One thing I know for sure is that everything I went through due to depression and my borderline personality disorder served a purpose. When I get an email from a woman living in London telling me that she can’t open up to anyone but me, it’s the greatest thing in the world. Reading her e-mail and having her tell me that she feels “relieved and happy” when talking to me brings joy to my heart. I am grateful for having a mental illness because it doesn’t define who I am as a person. I am not ashamed of my mental illness and I share my story to raise awareness for mental illness and break down the stigma attached to mental health.

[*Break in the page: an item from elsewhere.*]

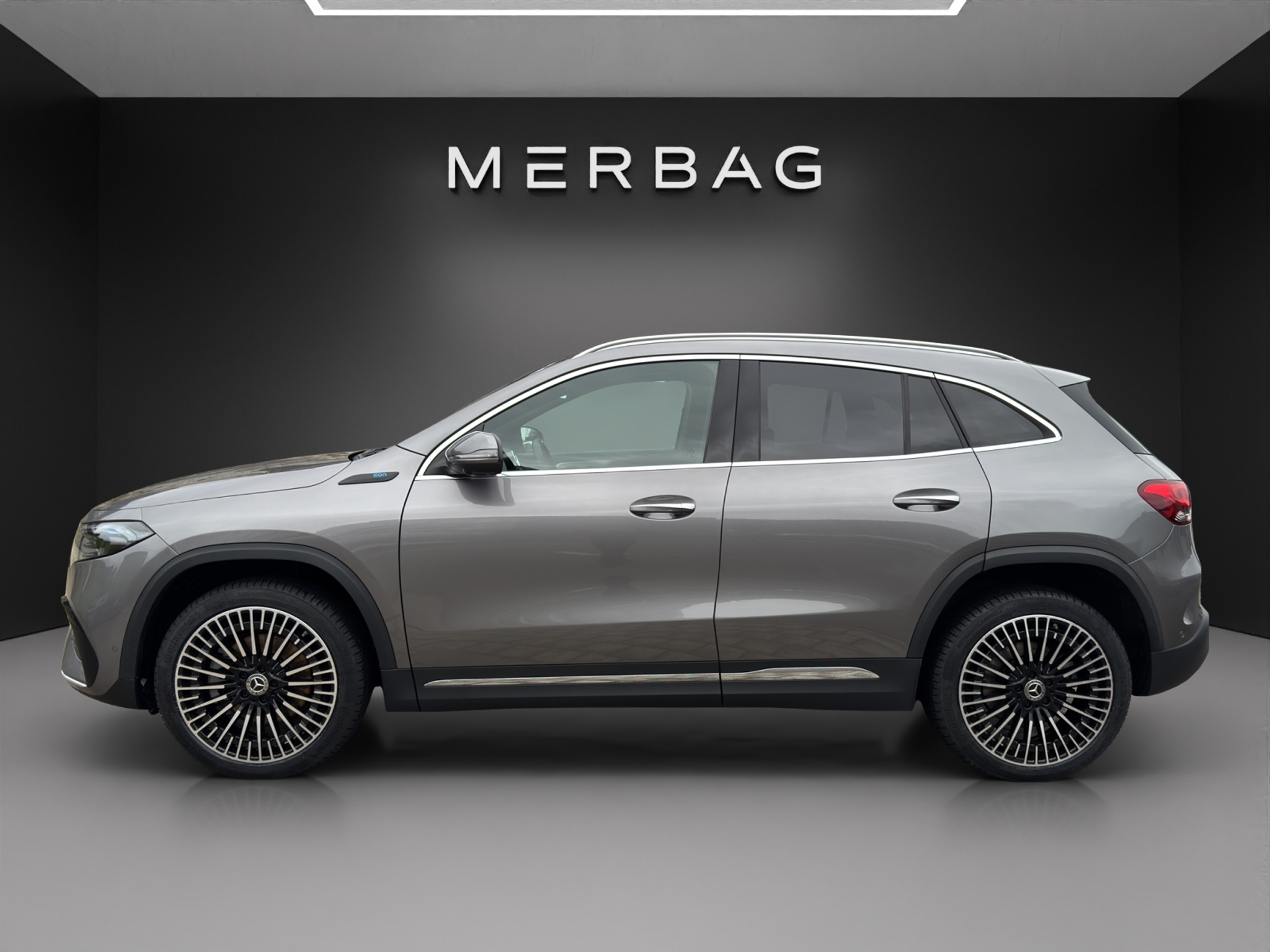 listing desktop thumbnail image 1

Sometimes I don’t want to be a part of this world. Sometimes I don’t want to carry the responsibility of helping others by sharing my story. Sometimes I want to disappear forever like the character in the movie Watchmen who says, “Please kill me. I don’t want to be a part of this world anymore.” That’s how I feel. Lately, I’ve been a bit hesitant to share my story because I don’t want to be judged. I’ve been letting fear get the best of me and I’ve been running away from my purpose. I’ve never been one to give in to fear but I have the past few weeks. I was excited it was Mental Health Awareness month but I wasn’t doing anything to share my story. I know I can’t let my anxiety get the best of me and I have to continue being open about my struggles and triumphs with mental illness.

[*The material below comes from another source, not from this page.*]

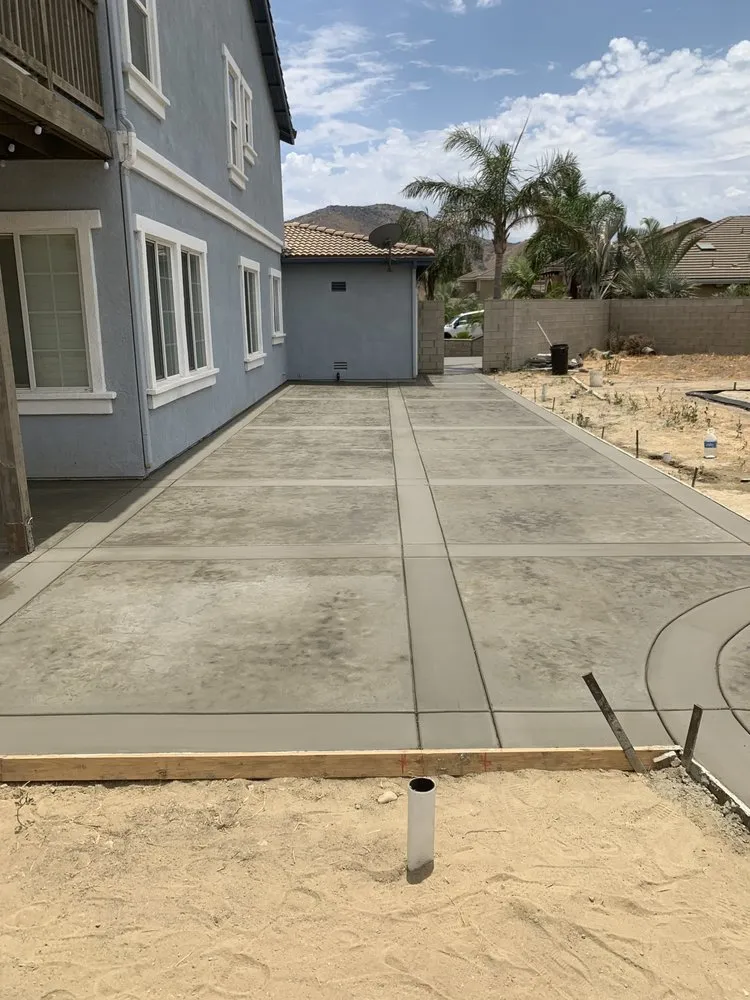 Expert lawn mowing service in Riverside, CA - Tony's Landscape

I went to the dentist a month ago and on the application they ask if you have depression, anxiety, and another mental illness I can’t remember. My initial reaction was to ignore the question and not put down that I suffer from anxiety and depression. For a brief moment, I felt ashamed and embarrassed. It was the first time that ever happened to me. I hated that feeling. After a couple of minutes, I told myself, “No. F*ck that. You break down the stigma attached to mental health. You have nothing to be ashamed of. So what if you have depression and anxiety. Screw what anybody else thinks.” I then checked off the boxes labeled depression and anxiety.
When I was in Hollywood at the LGBT Center to get tested the nurse noticed the tattoo on my left wrist. It’s a tattoo of a slit wrist. I have it on my left wrist and right wrist. She saw it and said, “Oh my God, what happened?” She laughed and said, “Just kidding.” I didn’t want to get into the story of why I got the tattoo because I was tired. I just wanted to get tested and go home. But almost immediately I realized it was a great opportunity to raise awareness for mental health. I proceeded to tell her how I used to struggle with depression. I told her how I used to cut myself and how Kid Cudi (my favorite artist ever) has the same tattoo on his left wrist and how he was the inspiration for me getting the tattoo. She was listening to every word. She replied, “I’ve been there, done that.” I told her it’s a reminder that I beat depression and not the other way around. Her reply was, “Amen to that.” I was happy. I told her, “My tattoo helps me start conversation and raise awareness for mental health.” I was happy I shared my story because she related to me. She told me she used to cut herself too. Moments like that let me know that being open always lead to moments of human connection. At the end of the day, that’s what life is all about. Connecting with one another. Labels shouldn’t matter. The only label that matters is being human. We are all the same.